Patchogue-Medford Introduces Mental Health Courses as per State Mandate

The Patchogue-Medford High School will welcome mental health classes this school year.

By Ashley Gagen and Ami Fall

New York State schools are in for changes this academic year. A new mandate, implemented on July 1st, 2018, now requires all schools  incorporate mental health into the classroom.

At the Patchogue-Medford school district, students will now start a half-hour earlier, will have less time between classes, longer lunch and recess times, among other changes.

“Mental health has been there for quite a while to help and support kids,” Patchogue-Medford superintendent Dr. Michael J. Hynes said. “But unfortunately, it takes school shootings for us to actually start talking about it.”
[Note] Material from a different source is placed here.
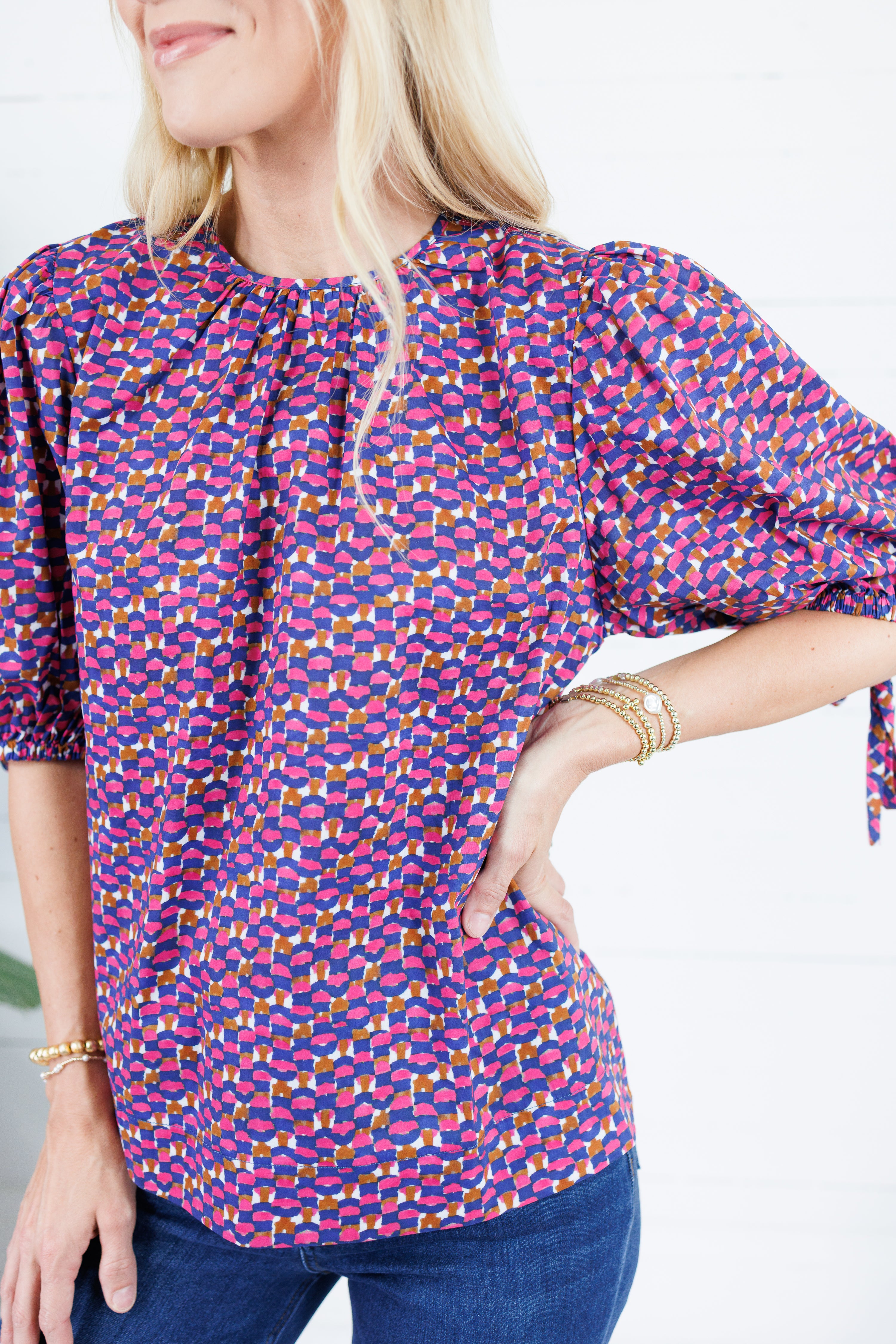 Greta Pink + Navy Geometric Top Pinch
According to the National Alliance on Mental Illness, 13 percent of children from ages 8 to 15 experience a severe mental disorder at some point in their life.

The personal growth of students at the Patchogue-Medford school is impacted through methods ranging from extended lunch and recess time to mindfulness yoga sessions for grades K-8.   Scarlett Lewis of “The Jesse Lewis Choose Love Movement” lead staff trainings, focusing on informing the staff members about the warning signs they must look for in a student dealing with trauma, anxiety or depression.

Tragically, Jesse was one of the 28 children murdered five years ago during the Sandy Hook Elementary school shooting. His mother, Scarlett,  founded an organization in his name ‘The Jesse Lewis Choose Love Movement”. Choose Love is one of the web-based, free, programs that Patchogue-Medford will be using.

The addition of mental health into the curriculum has most students hopeful. “It’s about time,” McKenzie Smith, a 2018 graduate said. During her time at Patchogue-Medford, she believed that despite the district’s efforts, the resources were minimal.

Another 2018 graduate of Patchogue-Medford, Jordan Yates, whose younger brother still attends the district agreed. “The mental health awareness felt quite nonexistent. I’m glad that they’re finally going to do something about it,” he said.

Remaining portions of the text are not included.